* _Problem description_
Your task is to repeat exactly the lines below between the line holding "Now let's do" and the line holding "So guys, that", inclusive, and only those.

* _Input for this task_
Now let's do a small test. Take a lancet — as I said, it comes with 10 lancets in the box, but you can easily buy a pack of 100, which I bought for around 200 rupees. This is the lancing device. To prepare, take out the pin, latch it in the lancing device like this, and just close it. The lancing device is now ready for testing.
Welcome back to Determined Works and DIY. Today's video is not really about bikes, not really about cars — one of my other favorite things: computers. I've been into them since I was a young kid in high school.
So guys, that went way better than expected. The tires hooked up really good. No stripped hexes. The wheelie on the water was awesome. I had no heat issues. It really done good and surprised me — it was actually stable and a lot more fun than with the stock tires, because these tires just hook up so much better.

==

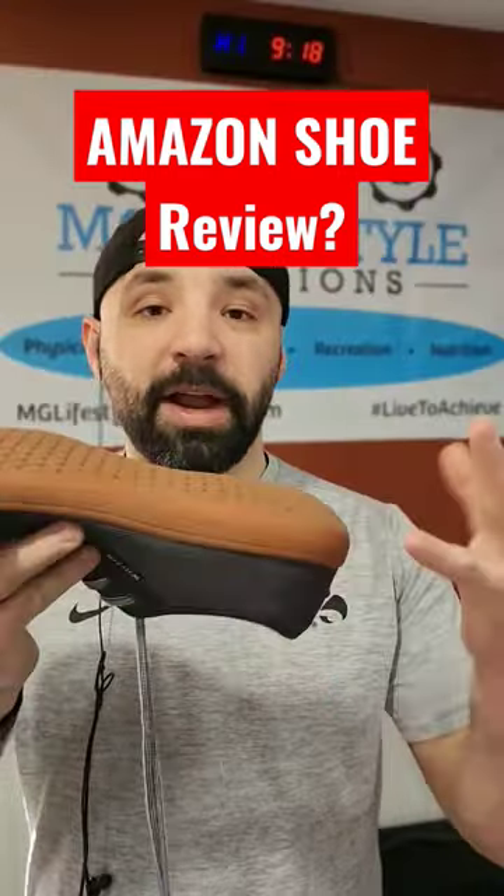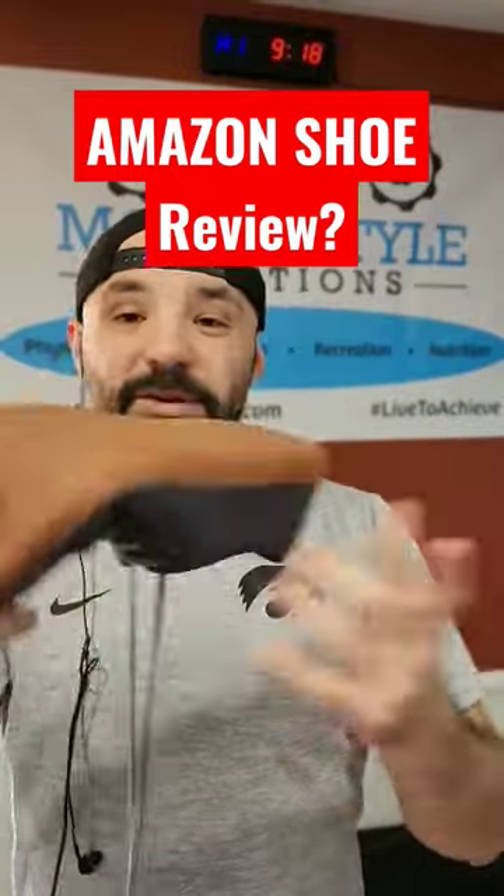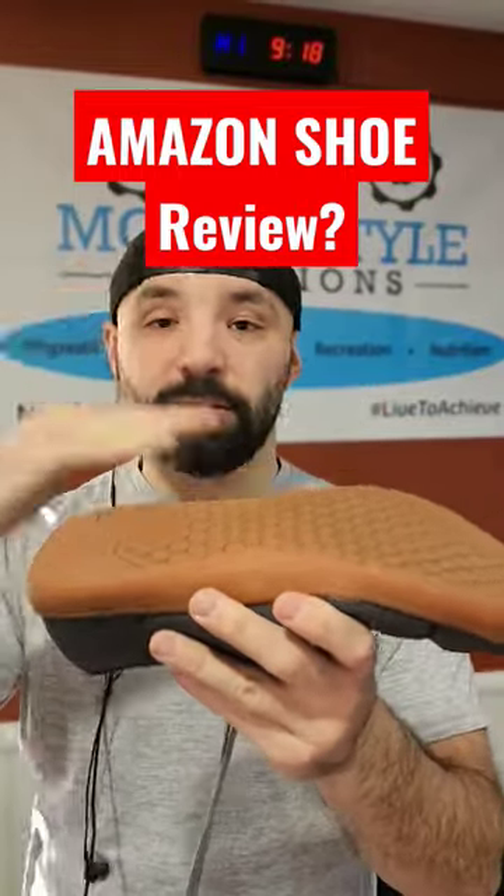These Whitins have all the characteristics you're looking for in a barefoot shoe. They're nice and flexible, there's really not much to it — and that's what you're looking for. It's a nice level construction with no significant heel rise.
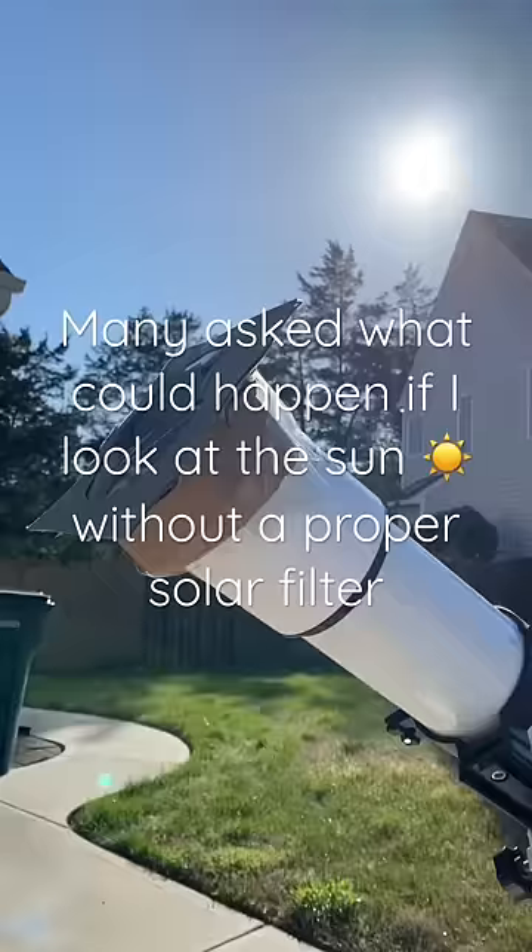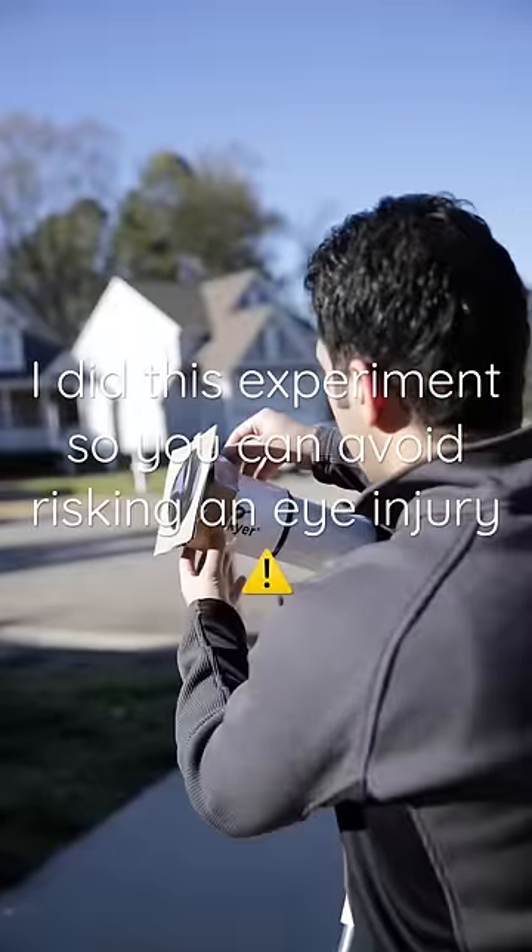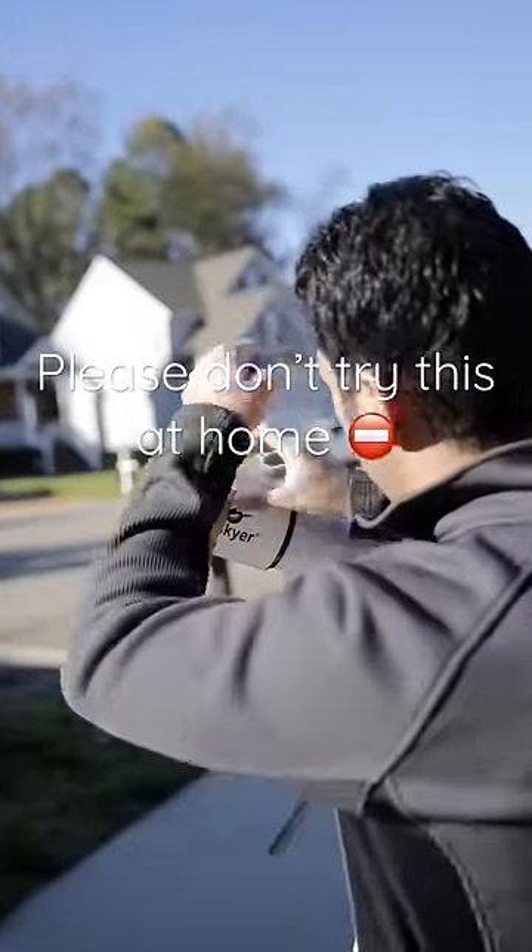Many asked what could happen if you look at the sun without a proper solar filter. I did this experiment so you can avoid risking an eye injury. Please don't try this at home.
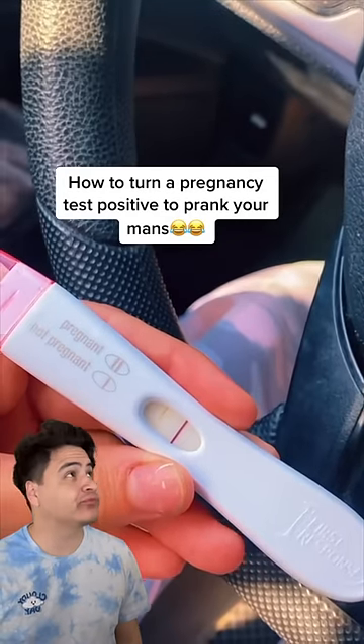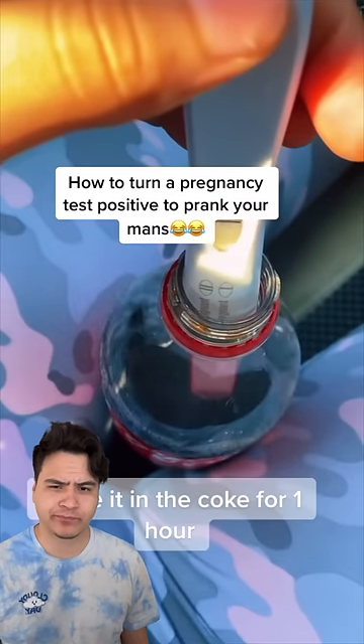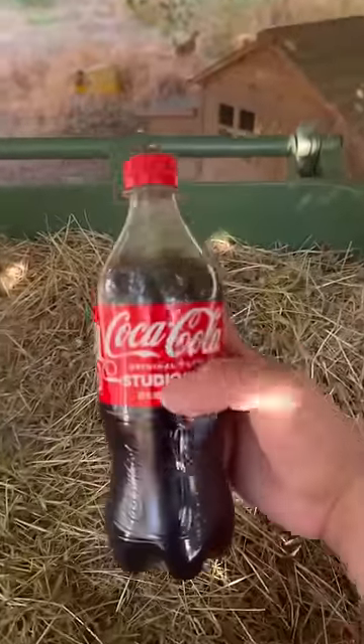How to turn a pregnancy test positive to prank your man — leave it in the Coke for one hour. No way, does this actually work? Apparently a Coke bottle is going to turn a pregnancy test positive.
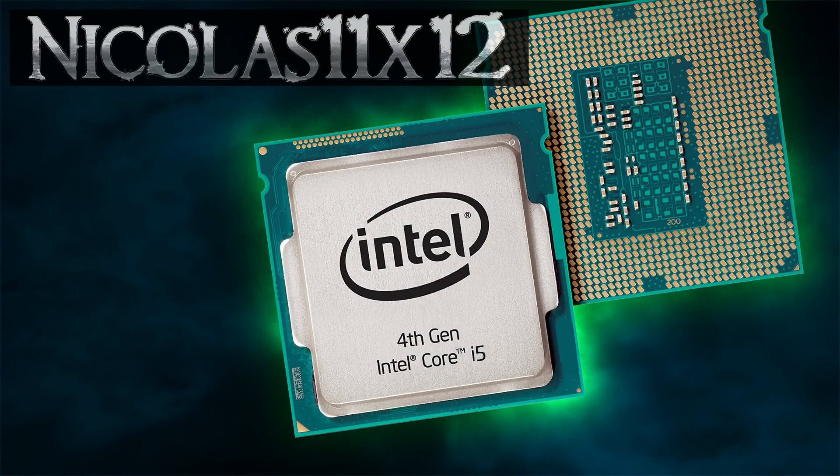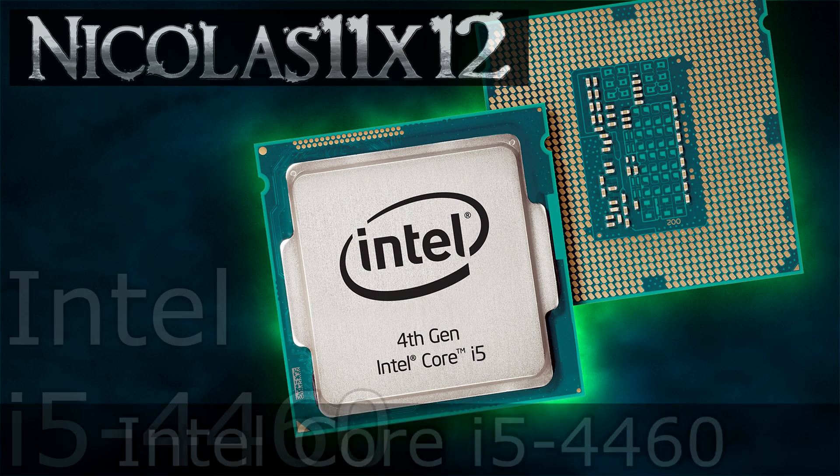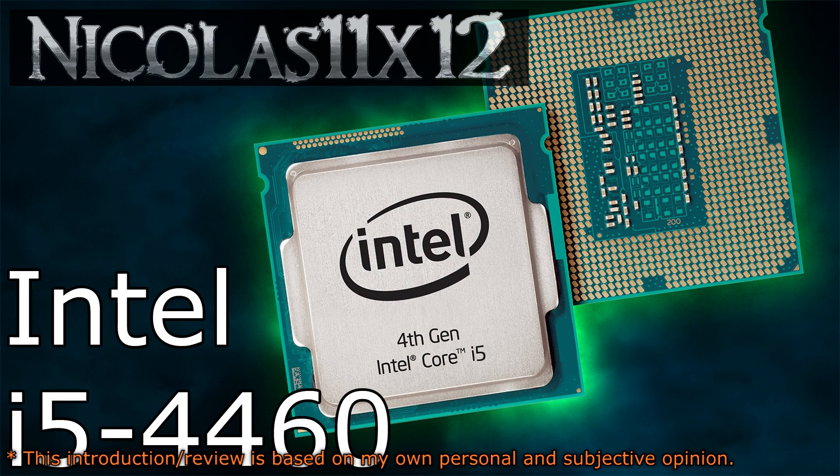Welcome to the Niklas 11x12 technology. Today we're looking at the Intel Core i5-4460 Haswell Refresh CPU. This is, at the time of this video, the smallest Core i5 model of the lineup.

* _Task answer_
Now let's do a small test. Take a lancet — as I said, it comes with 10 lancets in the box, but you can easily buy a pack of 100, which I bought for around 200 rupees. This is the lancing device. To prepare, take out the pin, latch it in the lancing device like this, and just close it. The lancing device is now ready for testing.
Welcome back to Determined Works and DIY. Today's video is not really about bikes, not really about cars — one of my other favorite things: computers. I've been into them since I was a young kid in high school.
So guys, that went way better than expected. The tires hooked up really good. No stripped hexes. The wheelie on the water was awesome. I had no heat issues. It really done good and surprised me — it was actually stable and a lot more fun than with the stock tires, because these tires just hook up so much better.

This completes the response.